The regime has kept its definition of “enemy” fluid, depending on its domestic political situation. In January 2010, near the height of the Green Movement, the Intelligence Ministry reportedly released a list of 60 foreign organisations “involved in soft war” against the Islamic Republic, including media networks, think-tanks, universities and affiliated entities. The ministry warned that relations with any of these organisations were “against the law,” prohibiting Iranian citizens from signing contracts or soliciting funds or other support from them.

Such a wide definition of “enemy” has given the regime legal ground to arrest dual nationals. In an Aug. 28 interview, Intelligence Minister Mahmoud Alavi told state television that “dozens of spies” working in the state bureaucracy had been arrested. He then emphasised that “we prevent dual nationals from assuming any state position.” Similarly, Reuters reported in November 2017 that the IRGC had arrested “at least 30 dual nationals during the past two years, mostly on spying charges, according to lawyers, diplomats and relatives.”

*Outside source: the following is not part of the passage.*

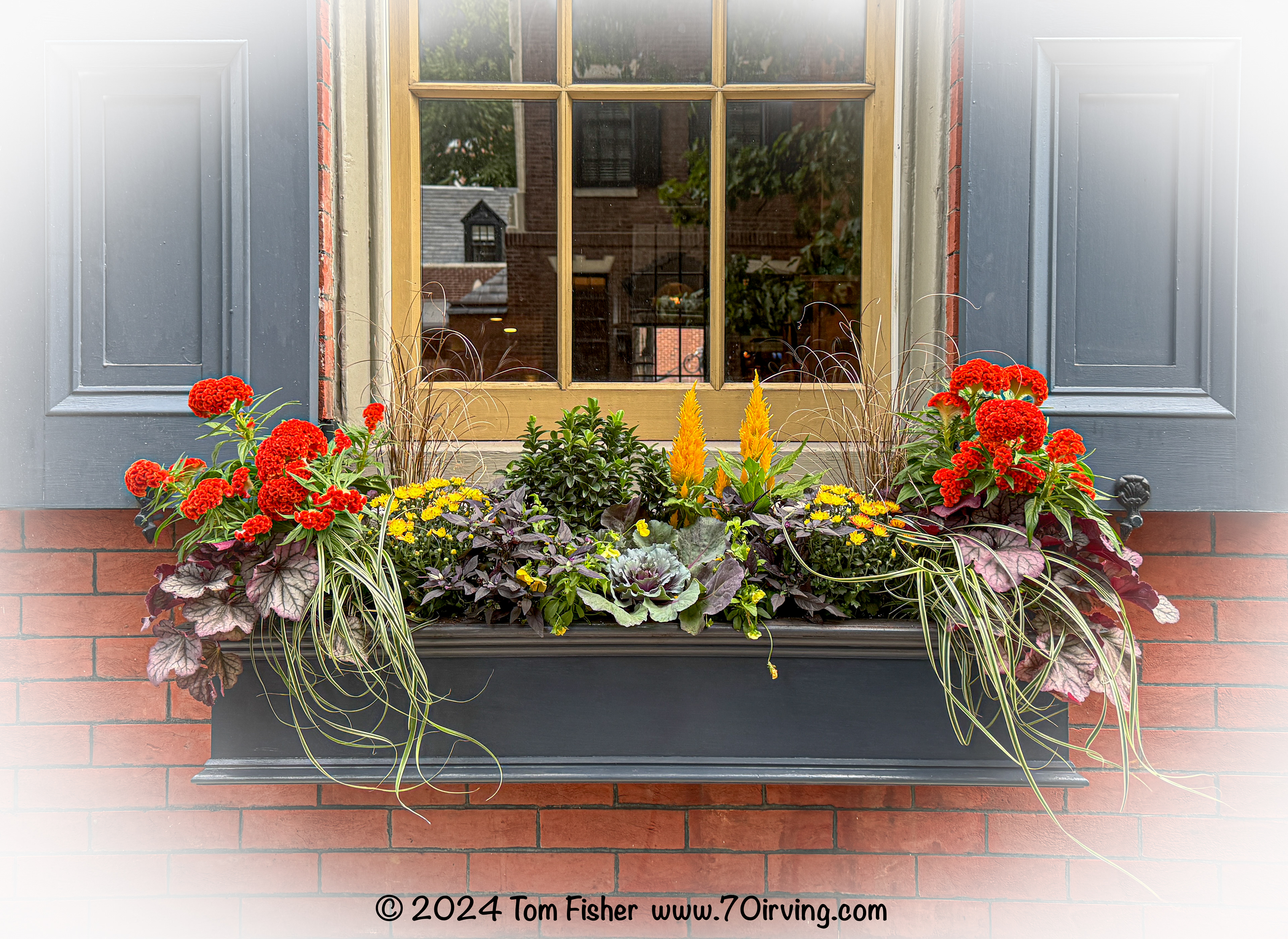 Philadelphia Window Flower Box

Aside from international terrorism, hostage-taking appears to be one of the Islamic Republic’s primary modes of interacting with the civilised world, and has been since its inception with the infamous Iran hostage crisis.

An open letter published by the Center for Human Rights in Iran signed by the families of six dual and foreign nationals imprisoned in Iran on December 3 asserts that “[since 2007] over 50 people with some connection to a western power have been taken hostage by the Iranian authorities.”

Some of those arrested, such as internet freedom and freedom of speech advocate Nezar Zakka, a Lebanese national and US permanent resident, were officially invited by the Iranian government and subsequently kidnapped by the IRGC. Many have been tortured, a practice Amnesty International says is “widespread and committed with impunity” in Iran, where there is no due process of law. The targeted individuals come from a range of backgrounds, including academia and journalism, and this association with a Western cultural institution bears the death penalty in Iran.

Another open letter to Iranian Supreme Leader Ayatollah Khamenei signed by 123 scholars and conservationists pleaded the case of 10 kidnapped colleagues who had been charged with “sowing corruption on earth,” a nebulous capital crime, in connection with their use of camera traps.

Jason Rezaian, a Washington Post reporter who was himself arrested by the IRGC and held for over a year, emphasised that kidnapping dual nationals is a core element of Iranian foreign policy because “the main point of contact between Iranian society and other countries has become dual nationals working in different fields.” Commenting on Dr. Chavoshi’s case, he stated “unfortunately, I think the real truth here is that she was making facts known to the world that, for whatever reason, the Islamic Republic establishment deems unacceptable.”

This is only half the story, however. Iran under the Islamic regime often appears to relate to the world via blackmail, of which kidnapping foreign nationals is an essential part. Dual nationals arrested as “hostages” can then be traded for policy concessions or a huge ransom. Meanwhile, the implementation of the JCPOA nuclear deal in 2016 was accompanied by arrangements whereby four Americans held by the Iranians were released simultaneously with the supply of US$400million in cash, though the Obama Administration denied this was a direct “tit-for-tat” arrangement.

As Australia undertakes a review of its support for the Joint Comprehensive Plan of Action (JCPOA), the Iranian nuclear deal, it must not allow the IRGC to dictate its policies by kidnapping its citizens. Iran is a rogue nation, and should be treated like one. Bad enough that it hosts Al-Qaeda and supports the Taliban, among a host of other terrorist groups around the world, or that it plans terrorist attacks and assassinations on foreign soil. The kidnapping of an Australian researcher should serve as a wake-up call.